April 27, 1998
Mr. John Keegan
The Gazette Newspapers
P.O. Box 1090
Schenectady, NY 12301-1090
The staff of the Committee on Open Government is authorized to issue
advisory opinions. The ensuing staff advisory opinion is based solely upon the
information presented in your correspondence.
Dear Mr. Keegan:
I have received your letter of April 14 in which you sought an opinion
concerning a request made under the Freedom of Information Law.
According to your letter, you requested from the Acting Saratoga
County Attorney "documents in the settlement of Mastropietro vs. Saratoga
County and the Town of Halfmoon." In response, the Acting County
Attorney wrote that he had:
"reviewed the file maintained in our office and
found that it does not retain the requested
documents. This matter was defended by
outside attorneys, and we have received
nothing from them as to any resolution, either
by ruling or by settlement."
From my perspective, if the records sought are maintained by outside
counsel for the County, they are County records subject to the Freedom of
Information Law. In this regard, I offer the following comments.
It is emphasized that §86(4) of the Freedom of Information Law
defines the term "record" expansively to include:
"any information kept, held, filed, produced,
reproduced by, with or for an agency or the
state legislature, in any physical form
whatsoever including, but not limited to,
reports, statements, examinations, memoranda,
opinions, folders, files, books, manuals,
pamphlets, forms, papers, designs, drawings,
maps, photos, letters, microfilms, computer
tapes or discs, rules, regulations or codes."

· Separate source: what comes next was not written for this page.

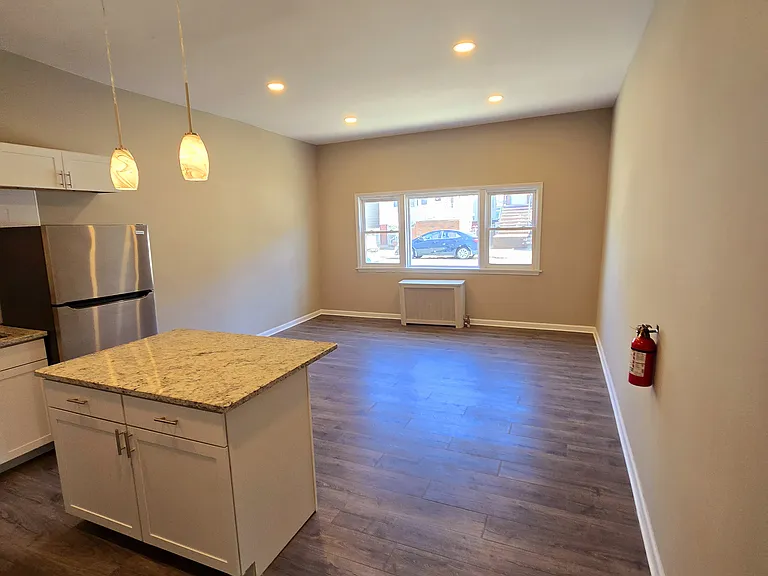 308 N 2nd St #1 — Photo 4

Based upon the language quoted above, documents need not be in the
physical possession of an agency to constitute agency records; so long as they
are produced, kept or filed for an agency, the courts have held they constitute
"agency records", even if they are maintained apart from an agency's
For instance, it has been found that records maintained by an attorney
retained by an industrial development agency were subject to the Freedom of
Information Law, even though an agency did not possess the records and the
attorney's fees were paid by applicants before the agency. The Court
determined that the fees were generated in his capacity as counsel to the
agency, that the agency was his client, that "he comes under the authority of
the Industrial Development Agency" and that, therefore, records of payment
in his possession were subject to rights of access conferred by the Freedom
of Information Law (see C.B. Smith v. County of Rensselaer, Supreme Court,
Rensselaer County, May 13, 1993).
Additionally, in a decision rendered by the Court of Appeals, the
state's highest court, it was found that materials received by a corporation
providing services for a branch of the State University that were kept on
behalf of the University constituted "records" falling with the coverage of the
Freedom of Information Law. I point out that the Court rejected "SUNY's
contention that disclosure turns on whether the requested information is in the
physical possession of the agency", for such a view "ignores the plain
language of the FOIL definition of 'records' as information kept or held 'by,
with or for an agency'" [see Encore College Bookstores, Inc. v. Auxiliary
Services Corporation of the State University of New York at Farmingdale, 87
NY 2d 410. 417 (1995)].
In sum, insofar as the records sought are maintained for the County,
I believe that the County would be required to direct the custodian of the
records to disclose them in accordance with the Freedom of Information Law,
or obtain them in order to disclose them to you to the extent required by law.
I hope that I have been of assistance.